Task material below:

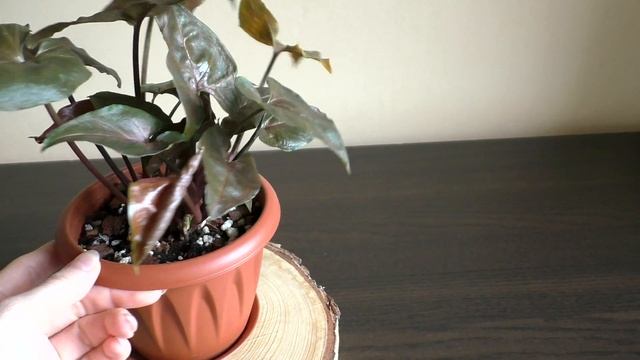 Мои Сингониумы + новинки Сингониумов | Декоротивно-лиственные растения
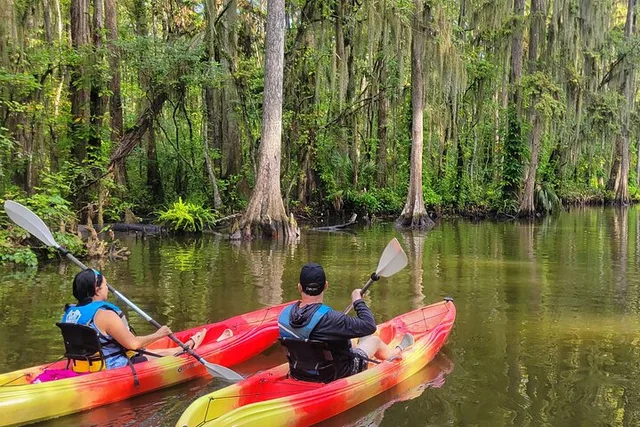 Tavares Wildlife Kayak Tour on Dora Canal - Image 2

End of Task material.
Task material below:

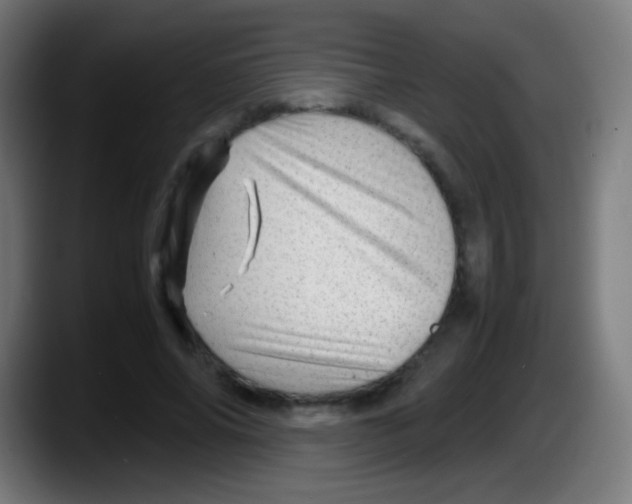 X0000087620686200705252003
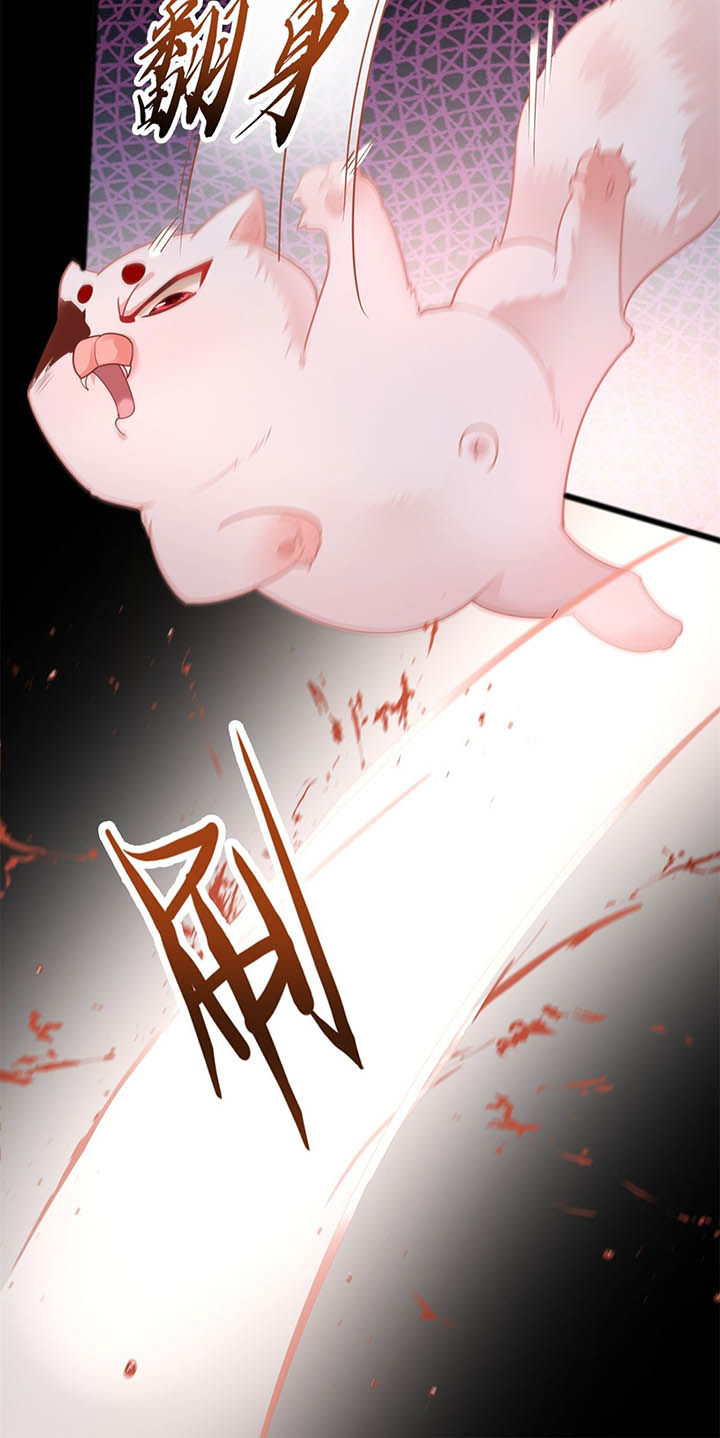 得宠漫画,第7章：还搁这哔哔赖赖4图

End of Task material.
Task material below:

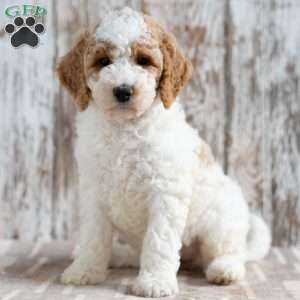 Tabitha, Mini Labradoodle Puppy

End of Task material.

Give back exactly the lines above from the one with "Мои Сингониумы +" through the one with "Tavares Wildlife Kayak", both included. Pictures don't belong in the copy.

Output for this task:
 Мои Сингониумы + новинки Сингониумов | Декоротивно-лиственные растения
 Tavares Wildlife Kayak Tour on Dora Canal - Image 2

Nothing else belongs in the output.